Jika diingat rasanya sedih sekali, bahkan sekarang rasanya air mata Jaehyun seperti akan tumpah.
Nana mengelus tangan Jaehyun dengan lembut. "It's okay," ucap Nana. Wanita itu menggeser kursinya menjadi lebih dekat di samping Jaehyun. "Kalau kau belum siap menceritakannya padaku, tidak apa-apa, jangan terburu-buru." Nana menatap Jaehyun, dan mencoba meyakinkannya.
Tapi Jaehyun tetaplah Jaehyun, jika melakukan sesuatu harus tuntas. Maka ia ingin menuntaskan ceritanya ini kepada Nana, agar ia merasa lega.
"Aku pikir setelah diusir dari rumah aku bisa menikahi kekasihku, tapi ternyata ia bersikeras menggugurkan Nora. Sampai akhirnya, aku dan dia sepakat untuk tidak menggugurkan kandungannya. Namun dengan catatan, perempuan itu tidak mau merawat, dan tidak mau menerima Nora setelah melahirkan." Jaehyun memberi jeda ceritanya, dan meminum tehnya. "Selama Nora di dalam kandungan, ternyata perempuan itu mengkonsumsi obat diet, dan makan sembarangan.
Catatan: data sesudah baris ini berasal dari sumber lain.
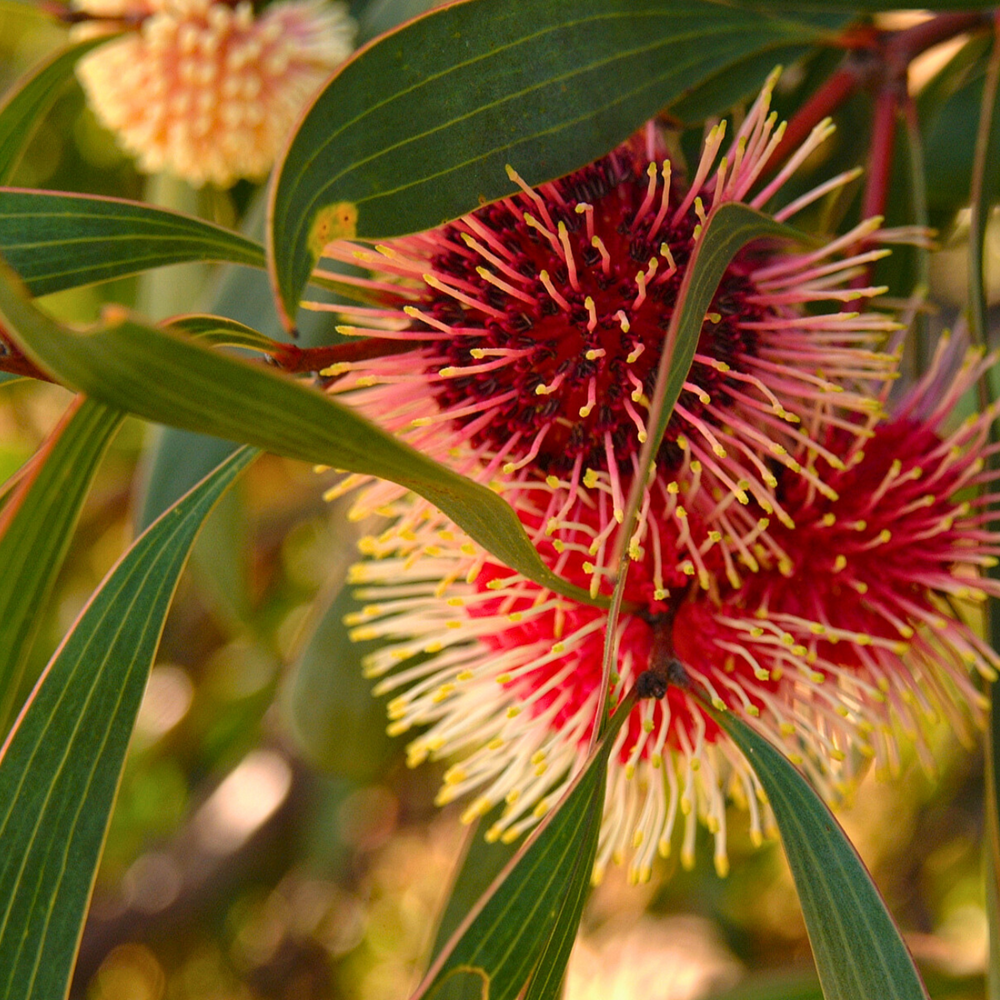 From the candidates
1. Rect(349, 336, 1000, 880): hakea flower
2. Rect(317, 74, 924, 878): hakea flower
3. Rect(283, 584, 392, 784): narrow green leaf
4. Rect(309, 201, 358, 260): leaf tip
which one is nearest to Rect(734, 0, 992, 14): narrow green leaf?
Rect(317, 74, 924, 878): hakea flower

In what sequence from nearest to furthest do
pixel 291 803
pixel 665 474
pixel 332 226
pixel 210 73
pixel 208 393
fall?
pixel 208 393, pixel 332 226, pixel 665 474, pixel 210 73, pixel 291 803

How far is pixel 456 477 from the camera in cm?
47

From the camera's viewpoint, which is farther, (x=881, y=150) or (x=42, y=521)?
(x=881, y=150)

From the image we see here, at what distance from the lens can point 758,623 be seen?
65 cm

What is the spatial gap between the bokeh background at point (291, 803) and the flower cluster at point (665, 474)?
0.40 m

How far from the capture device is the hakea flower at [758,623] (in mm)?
673

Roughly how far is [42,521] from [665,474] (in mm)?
390

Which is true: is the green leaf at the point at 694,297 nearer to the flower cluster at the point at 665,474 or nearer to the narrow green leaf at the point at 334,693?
the flower cluster at the point at 665,474

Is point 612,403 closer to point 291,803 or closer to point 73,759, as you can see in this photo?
point 73,759

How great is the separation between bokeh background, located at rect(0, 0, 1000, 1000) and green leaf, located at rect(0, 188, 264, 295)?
376 millimetres

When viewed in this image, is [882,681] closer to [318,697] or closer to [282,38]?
[318,697]

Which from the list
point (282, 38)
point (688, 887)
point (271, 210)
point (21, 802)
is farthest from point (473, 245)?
point (688, 887)

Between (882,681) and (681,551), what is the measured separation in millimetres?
181

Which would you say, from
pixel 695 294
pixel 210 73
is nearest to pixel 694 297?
pixel 695 294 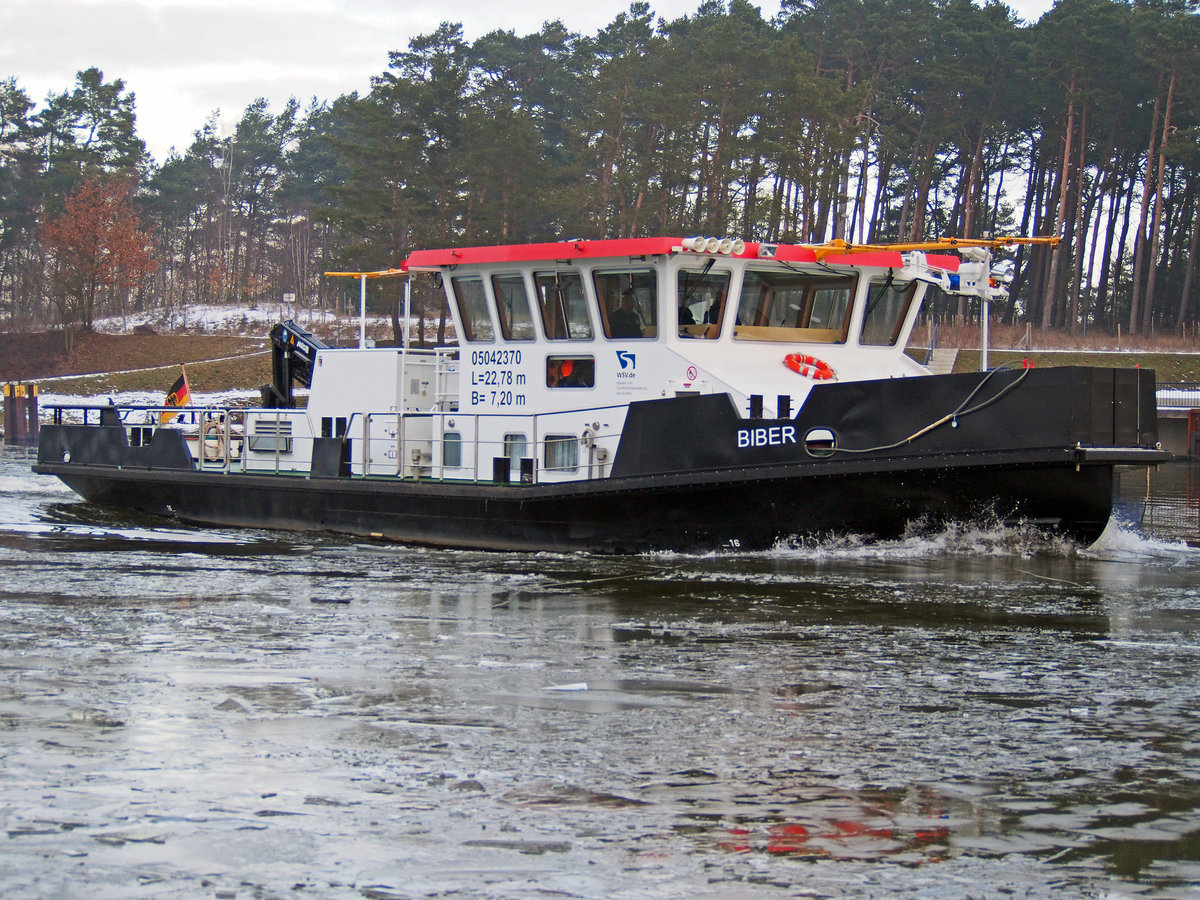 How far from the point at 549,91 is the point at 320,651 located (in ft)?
166

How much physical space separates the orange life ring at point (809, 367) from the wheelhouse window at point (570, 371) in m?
1.70

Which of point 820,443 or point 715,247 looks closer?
point 820,443

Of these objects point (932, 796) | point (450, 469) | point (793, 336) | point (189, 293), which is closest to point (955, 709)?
point (932, 796)

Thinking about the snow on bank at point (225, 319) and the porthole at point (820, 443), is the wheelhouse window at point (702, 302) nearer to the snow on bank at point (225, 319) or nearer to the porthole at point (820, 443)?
the porthole at point (820, 443)

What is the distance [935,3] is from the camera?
47375 mm

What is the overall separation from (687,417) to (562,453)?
1.48 meters

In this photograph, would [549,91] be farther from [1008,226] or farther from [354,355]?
[354,355]

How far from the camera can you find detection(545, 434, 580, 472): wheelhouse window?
11398 mm

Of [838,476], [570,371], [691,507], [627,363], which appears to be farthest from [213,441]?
[838,476]

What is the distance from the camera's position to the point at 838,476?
9977 mm

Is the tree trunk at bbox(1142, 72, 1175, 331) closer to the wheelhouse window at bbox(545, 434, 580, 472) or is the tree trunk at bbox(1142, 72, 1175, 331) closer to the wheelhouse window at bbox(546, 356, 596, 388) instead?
the wheelhouse window at bbox(546, 356, 596, 388)

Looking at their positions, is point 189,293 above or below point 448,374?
above

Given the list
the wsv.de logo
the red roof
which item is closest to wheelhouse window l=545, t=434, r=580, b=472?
the wsv.de logo

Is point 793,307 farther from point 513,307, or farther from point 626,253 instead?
point 513,307
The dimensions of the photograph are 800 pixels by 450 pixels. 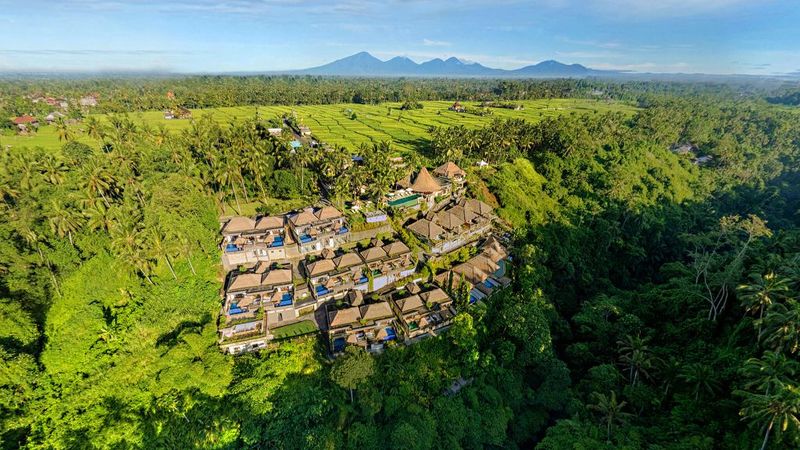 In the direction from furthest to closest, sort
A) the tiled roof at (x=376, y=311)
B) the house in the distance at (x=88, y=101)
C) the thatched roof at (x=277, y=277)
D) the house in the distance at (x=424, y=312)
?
1. the house in the distance at (x=88, y=101)
2. the thatched roof at (x=277, y=277)
3. the house in the distance at (x=424, y=312)
4. the tiled roof at (x=376, y=311)

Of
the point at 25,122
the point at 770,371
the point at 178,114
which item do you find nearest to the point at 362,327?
the point at 770,371

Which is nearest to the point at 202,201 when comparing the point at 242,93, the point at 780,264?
the point at 780,264

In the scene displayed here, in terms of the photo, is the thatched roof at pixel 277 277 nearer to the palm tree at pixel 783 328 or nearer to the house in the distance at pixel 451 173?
the house in the distance at pixel 451 173

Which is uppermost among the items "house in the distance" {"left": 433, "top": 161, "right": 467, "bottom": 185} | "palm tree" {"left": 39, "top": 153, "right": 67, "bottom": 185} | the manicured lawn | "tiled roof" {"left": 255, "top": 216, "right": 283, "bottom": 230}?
"palm tree" {"left": 39, "top": 153, "right": 67, "bottom": 185}

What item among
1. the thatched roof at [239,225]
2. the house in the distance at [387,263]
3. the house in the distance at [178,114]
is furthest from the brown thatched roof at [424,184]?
the house in the distance at [178,114]

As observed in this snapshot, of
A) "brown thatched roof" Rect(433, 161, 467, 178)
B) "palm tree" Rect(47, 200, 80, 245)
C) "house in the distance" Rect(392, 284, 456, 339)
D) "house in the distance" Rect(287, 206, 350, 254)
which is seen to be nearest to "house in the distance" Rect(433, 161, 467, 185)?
"brown thatched roof" Rect(433, 161, 467, 178)

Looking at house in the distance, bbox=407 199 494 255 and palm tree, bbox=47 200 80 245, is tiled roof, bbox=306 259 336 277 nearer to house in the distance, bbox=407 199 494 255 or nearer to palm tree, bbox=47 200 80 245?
house in the distance, bbox=407 199 494 255

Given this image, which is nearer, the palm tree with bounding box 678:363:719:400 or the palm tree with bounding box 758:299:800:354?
the palm tree with bounding box 758:299:800:354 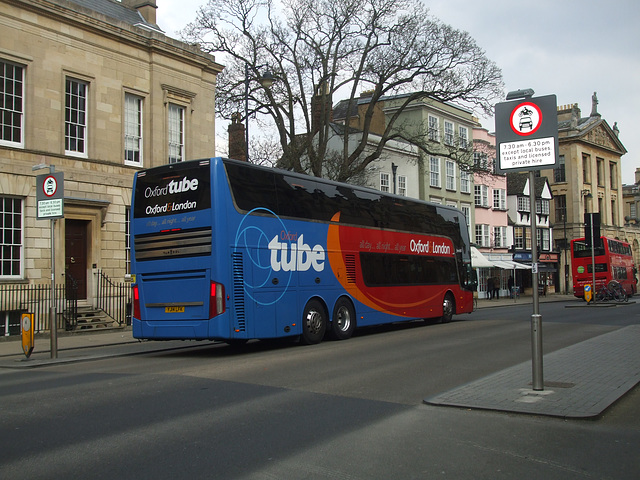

Hingga akhirnya Nora terlahir prematur, dan berakhir memiliki gangguan perkembangan," jelas Jaehyun.
Bukan Jaehyun yang menangis, namun justru Nana yang kini matanya tergenang air. Nana membayangkan jika ia di posisi Jaehyun, mungkin wanita itu belum tentu sekuat Jaehyun.
Jaehyun yang melihat mata Nana berkaca-kaca langsung tertawa. "Kenapa jadi kau yang menangis?" tanya Jaehyun, lalu mengacak-acak rambut Nana gemas.
Tidak menjawab pertanyaan Jaehyun, hasrat ingin menangis Nana justru semakin besar hingga akhirnya air mata yang sejak tadi ditahan-tahan itu pun luruh ke pipi.
"Aku tidak suka melihatmu kesulitan," ucap Nana yang kemudian memeluk Jaehyun, dan menangis. "Aku ingin kau dipenuhi orang-orang baik, dan sayang padamu, begitu juga dengan Nora."
Jaehyun membalas pelukan Nana, dan menenangkan wanitanya di pelukannya. "Bagaimana apa kau bisa menerima masa laluku?" tanya Jaehyun.
"Tanpa perlu bertanya! Apa ini belum kurang jelas bagimu?" tanya Nana sembari mengangkat kepalanya, dan menatap Jaehyun.
Sebetulnya Jaehyun sudah tahu, hanya sedikit ingin membuatnya lebih jelas, dan mencoba jujur. Ia tahu pasti bahwa wanita di hadapannya ini sangat menyukainya dan Nora.
Jaehyun menangkup pipi Nana dan menghapus air mata wanita itu. "Kenapa masih mau menerimaku?" tanya Jaehyun, dengan menatap Nana lembut.
"Kau mau dengar jawaban jujur?" tanya Nana yang kemudian dijawab anggukan oleh Jaehyun. "Kau tampan, kau punya uang, punya anak yang lucu, dan kau sebenarnya penyayang."
Mendengar kata tampan dan uang, membuat Jaehyun tertawa. "Iya benar, aku tampan dan aku mempunyai uang. Bagaimana jika keduanya itu tidak aku milki?"
"Sudah pasti aku tidak menyukaimu, karena aku mencoba realistis." Nana tersenyum lebar.
Jaehyun menggeleng, dan mencubit kedua pipi Nana. "Tapi bagaimana jika uangku habis?" tanya Jaehyun.
"Maka, biar aku saja yang mencari uang," jawab Nana.
"Tidak. Aku tidak akan membuat orang yang aku sayangi merasa kesusahan." Jaehyun mengusap pipi Nana. "Maksudku aku tidak akan membuat Nora merasa kesusahan," sambung Jaehyun, lalu tersenyum jenaka yang tak lama kemudian dibalas dengan sebuah pukulan kecil di dadanya.
Kening Nana mengerut. "Kau tidak menyayangiku juga?" tanya Nana.
"Menurutmu aku semudah itu untuk memeluk, dan mencium wanita?" Jaehyun berbalik tanya.
Kemudian senyum di bibir Nana merekah, lalu menggelengkan kepalanya. "Terima kasih, Wakil Direktur," ucap Nana.
Honestly, I'm afraid to fall in love. But, I'm more afraid that I will losing him, batin Nana.